No ateliê, a música não é trilha de fundo, mas sim parte da ação. A playlist que Márcia preparou reúne sambas, raps, R&Bs, pagodes, soul e funk — músicas que, embora vindas de épocas e estilos diferentes, giram em torno dos mesmos temas: raça, gênero, força, desejo, fé, ironia.
De Fundo de Quintal a Cardi B. De Clementina de Jesus a Missy Elliott. De Beyoncé a Elza Soares. O que une todas elas é o modo como falam da vida — ora com leveza, ora com fúria. Márcia diz que, ao montar a seleção, percebeu que os assuntos se repetem. E isso diz muito sobre como ela ouve. A música entra como estímulo, companhia e combustível. “As músicas participam do meu processo criativo”, ela conta. “Elas vão me levando pra esse lugar de criação.”
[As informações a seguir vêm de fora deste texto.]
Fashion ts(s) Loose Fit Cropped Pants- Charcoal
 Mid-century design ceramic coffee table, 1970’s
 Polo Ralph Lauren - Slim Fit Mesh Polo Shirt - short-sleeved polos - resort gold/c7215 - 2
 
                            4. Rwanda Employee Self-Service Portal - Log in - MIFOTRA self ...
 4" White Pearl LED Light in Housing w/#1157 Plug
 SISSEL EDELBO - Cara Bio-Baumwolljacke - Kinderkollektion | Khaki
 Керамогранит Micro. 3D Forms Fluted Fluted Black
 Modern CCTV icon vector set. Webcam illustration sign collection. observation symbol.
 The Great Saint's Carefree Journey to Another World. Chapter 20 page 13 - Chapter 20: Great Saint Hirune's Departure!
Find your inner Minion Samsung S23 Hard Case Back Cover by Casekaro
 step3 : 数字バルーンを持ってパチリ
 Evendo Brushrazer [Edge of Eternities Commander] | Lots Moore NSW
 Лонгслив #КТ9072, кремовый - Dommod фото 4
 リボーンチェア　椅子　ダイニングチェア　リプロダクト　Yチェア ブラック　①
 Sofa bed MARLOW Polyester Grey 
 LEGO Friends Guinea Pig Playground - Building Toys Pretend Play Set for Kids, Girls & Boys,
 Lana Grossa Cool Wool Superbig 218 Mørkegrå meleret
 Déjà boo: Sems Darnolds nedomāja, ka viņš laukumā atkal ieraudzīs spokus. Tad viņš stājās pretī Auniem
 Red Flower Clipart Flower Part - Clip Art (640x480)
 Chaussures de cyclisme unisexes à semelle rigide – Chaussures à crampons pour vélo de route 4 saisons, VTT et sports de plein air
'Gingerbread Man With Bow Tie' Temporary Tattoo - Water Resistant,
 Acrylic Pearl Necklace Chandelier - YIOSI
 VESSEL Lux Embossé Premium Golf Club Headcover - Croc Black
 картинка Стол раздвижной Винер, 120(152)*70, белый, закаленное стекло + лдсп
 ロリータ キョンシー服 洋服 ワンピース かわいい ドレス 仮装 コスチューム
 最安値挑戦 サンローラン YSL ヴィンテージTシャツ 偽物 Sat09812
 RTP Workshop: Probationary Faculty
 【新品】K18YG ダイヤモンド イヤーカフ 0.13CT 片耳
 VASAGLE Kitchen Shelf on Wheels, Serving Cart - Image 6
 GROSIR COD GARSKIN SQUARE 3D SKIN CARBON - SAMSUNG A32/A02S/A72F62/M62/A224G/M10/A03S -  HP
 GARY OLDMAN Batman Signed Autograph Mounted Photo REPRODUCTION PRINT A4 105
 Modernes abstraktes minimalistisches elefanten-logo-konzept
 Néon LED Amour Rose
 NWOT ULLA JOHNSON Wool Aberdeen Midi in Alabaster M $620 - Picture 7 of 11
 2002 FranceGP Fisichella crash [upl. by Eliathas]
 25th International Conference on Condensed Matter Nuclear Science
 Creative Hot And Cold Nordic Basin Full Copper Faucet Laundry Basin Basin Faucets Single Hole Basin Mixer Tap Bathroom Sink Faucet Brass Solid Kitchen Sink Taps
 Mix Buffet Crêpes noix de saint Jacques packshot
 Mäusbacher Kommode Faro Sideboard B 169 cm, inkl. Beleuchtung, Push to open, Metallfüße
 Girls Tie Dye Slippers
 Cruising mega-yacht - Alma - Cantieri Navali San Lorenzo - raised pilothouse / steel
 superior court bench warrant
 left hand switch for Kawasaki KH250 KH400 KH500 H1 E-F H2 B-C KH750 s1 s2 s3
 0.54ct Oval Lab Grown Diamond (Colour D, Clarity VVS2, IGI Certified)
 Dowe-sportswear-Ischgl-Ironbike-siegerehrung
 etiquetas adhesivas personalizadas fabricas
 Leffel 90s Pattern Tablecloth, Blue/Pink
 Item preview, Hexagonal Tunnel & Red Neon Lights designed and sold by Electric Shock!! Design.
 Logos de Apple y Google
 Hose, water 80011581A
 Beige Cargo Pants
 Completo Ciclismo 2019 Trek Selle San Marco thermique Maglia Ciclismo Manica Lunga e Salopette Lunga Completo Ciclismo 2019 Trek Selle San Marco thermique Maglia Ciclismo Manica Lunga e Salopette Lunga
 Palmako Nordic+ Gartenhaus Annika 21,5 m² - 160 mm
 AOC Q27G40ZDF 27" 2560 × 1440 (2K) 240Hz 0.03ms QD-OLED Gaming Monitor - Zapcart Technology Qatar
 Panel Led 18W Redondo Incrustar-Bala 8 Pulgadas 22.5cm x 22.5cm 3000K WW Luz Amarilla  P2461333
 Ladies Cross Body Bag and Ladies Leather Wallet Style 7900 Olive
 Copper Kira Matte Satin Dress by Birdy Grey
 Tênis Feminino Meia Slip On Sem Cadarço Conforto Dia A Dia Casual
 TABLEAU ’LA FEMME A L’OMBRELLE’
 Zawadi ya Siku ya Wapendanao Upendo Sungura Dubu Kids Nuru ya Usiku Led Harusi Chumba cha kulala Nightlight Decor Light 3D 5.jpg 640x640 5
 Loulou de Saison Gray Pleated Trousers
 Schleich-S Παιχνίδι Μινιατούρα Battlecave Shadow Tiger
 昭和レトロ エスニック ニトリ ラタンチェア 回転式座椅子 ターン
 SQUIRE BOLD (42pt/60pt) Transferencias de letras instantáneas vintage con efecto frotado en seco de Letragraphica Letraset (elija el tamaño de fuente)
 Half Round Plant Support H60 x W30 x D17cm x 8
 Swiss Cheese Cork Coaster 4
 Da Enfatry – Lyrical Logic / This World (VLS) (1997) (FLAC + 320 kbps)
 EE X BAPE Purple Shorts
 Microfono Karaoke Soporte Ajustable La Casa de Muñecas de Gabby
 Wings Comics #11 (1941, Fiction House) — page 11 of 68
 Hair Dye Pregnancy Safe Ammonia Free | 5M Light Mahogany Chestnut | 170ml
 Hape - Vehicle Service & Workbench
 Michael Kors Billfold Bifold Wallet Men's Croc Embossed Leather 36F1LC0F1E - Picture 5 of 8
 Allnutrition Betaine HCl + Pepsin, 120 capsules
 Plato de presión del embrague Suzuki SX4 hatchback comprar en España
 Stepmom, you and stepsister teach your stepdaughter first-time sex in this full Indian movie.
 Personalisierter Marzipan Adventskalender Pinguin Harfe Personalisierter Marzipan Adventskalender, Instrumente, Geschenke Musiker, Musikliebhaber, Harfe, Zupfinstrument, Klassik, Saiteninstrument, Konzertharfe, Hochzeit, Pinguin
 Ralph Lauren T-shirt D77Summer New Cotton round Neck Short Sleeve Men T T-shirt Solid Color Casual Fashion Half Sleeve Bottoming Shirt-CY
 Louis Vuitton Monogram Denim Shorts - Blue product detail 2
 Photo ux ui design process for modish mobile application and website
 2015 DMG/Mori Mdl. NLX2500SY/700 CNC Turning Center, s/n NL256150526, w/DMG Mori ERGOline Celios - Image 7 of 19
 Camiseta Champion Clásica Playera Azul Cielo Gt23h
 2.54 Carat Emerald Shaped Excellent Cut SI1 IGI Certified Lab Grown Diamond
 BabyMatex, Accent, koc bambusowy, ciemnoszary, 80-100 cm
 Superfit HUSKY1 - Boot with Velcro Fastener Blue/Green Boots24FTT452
Em This Is America, de Childish Gambino, o corpo negro é ameaça e alvo. Em Fé, de IZA, é resistência e reza. Em Superstar, Lauryn Hill canta sobre vulnerabilidade e autoestima com a mesma franqueza com que Márcia pinta. E Jovelina? Jovelina segura tudo isso com o gogó. Márcia segura com pincel.
A artista, representada pela galeria Fortes D’Aloia & Gabriel, já passou por instituições como o Instituto Inclusartiz, MAR, SESC Pompeia, Pivô, e recentemente levou seu trabalho para Los Angeles e Nova York. Mas o que sustenta sua trajetória não é o circuito. É a consistência de sua produção.
Nada em sua pintura é neutro. O corpo está ali como campo de disputa, mas também de autonomia. E se tem algo que a música ajuda a fazer nesse processo, é lembrar que, mesmo quando tudo pesa, ainda existe balanço.